Não é inovação do atual Código de Trânsito Brasileiro (Lei 9.503/97) a previsão da apreensão de veículo automotor em decorrência do cometimento de determinadas espécies de infrações de trânsito. O antigo Código Nacional de Trânsito, instituído pela Lei n.º 5.108, de 21 de setembro de 1966, e regulamentado pelo Decreto n.º 62.127, de 16 de janeiro de 1968, já fazia menção a ela. Na mesma lógica, foi editada a Lei n.º 6.575, de 30 de setembro de 1978, que "dispõe sobre o depósito e venda de veículos removidos, apreendidos e retidos, em todo o território nacional".

Certo é que não é intenção deste trabalho discutir a aplicação de penalidades pela via administrativa. O assunto é por demais complexo, controverso e poderia ser tema de um outra monografia. O que se irá aqui discutir é a aplicação da apreensão de veículos automotores pelo cometimento de infrações de trânsito e a forma como a mesma vem sendo aplicada.
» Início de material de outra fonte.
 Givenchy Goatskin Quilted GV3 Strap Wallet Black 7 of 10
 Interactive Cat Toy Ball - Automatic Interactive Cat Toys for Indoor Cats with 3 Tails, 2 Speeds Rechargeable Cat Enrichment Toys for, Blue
Oportuno reparar que as três normas supra citadas foram editas em pleno regime militar pelo qual passou o Brasil a partir do Golpe de 1964 até meados da década de 80. Na ditadura, foram suspensas as garantias constitucionais e atitudes como a de exigir créditos tributários por meio de extorsão eram "engolidas" pela sociedade, que se viu obrigada, durante 20 anos, a conviver com os plenos poderes que possuíam os militares, que sempre os utilizaram de maneira déspota, não conseguindo, nem assim, transformar o País.

Advindo o novo regulamento do trânsito no Brasil, dispositivos desta natureza continuaram a compô-lo, numa flagrante manutenção de resquícios do autoritarismo que reinou no País por longa data, a despeito do mesmo ter sido elaborado à luz da Constituição Federal de 1988, que é, para muitos, a mais democrática e liberal de todo tempo e lugar.

Todavia, o que importa neste capítulo é entender o instituto da penalidade de apreensão de veículos automotores.

A apreensão do veículo consiste na sua retirada de circulação por não preencher os requisitos legais, especialmente aqueles que envolvem a segurança. Retira-se de circulação e recolhe-se em local determinado pela autoridade até o decurso do prazo estabelecido ou a cessação dos motivos determinantes da medida (RIZZARDO, 1998, p. 671).

O caput do art. 262 do CTB fixa o prazo máximo de permanência do veículo em 30 dias e a Resolução do CONTRAN n.º 53, de 21 de maio de 1998, fixou os prazos de apreensão segundo critérios da multa prevista para a infração, dentro daquele prazo máximo. Ademais, o caput do mesmo artigo determinou também que o ônus da permanência do veículo no depósito do órgão ou entidade apreendedora é do proprietário do veículo.

Como fora dito anteriormente e em consonância com o que dispõe a própria Lei 9.503/97, a apreensão do veículo é uma penalidade. Como tal, por uma questão de analogia e em respeito às garantias constitucionais do direito de ação, devem ser observadas todas as garantias processuais penais que, juntamente com outras garantias constituem a segurança em matéria penal.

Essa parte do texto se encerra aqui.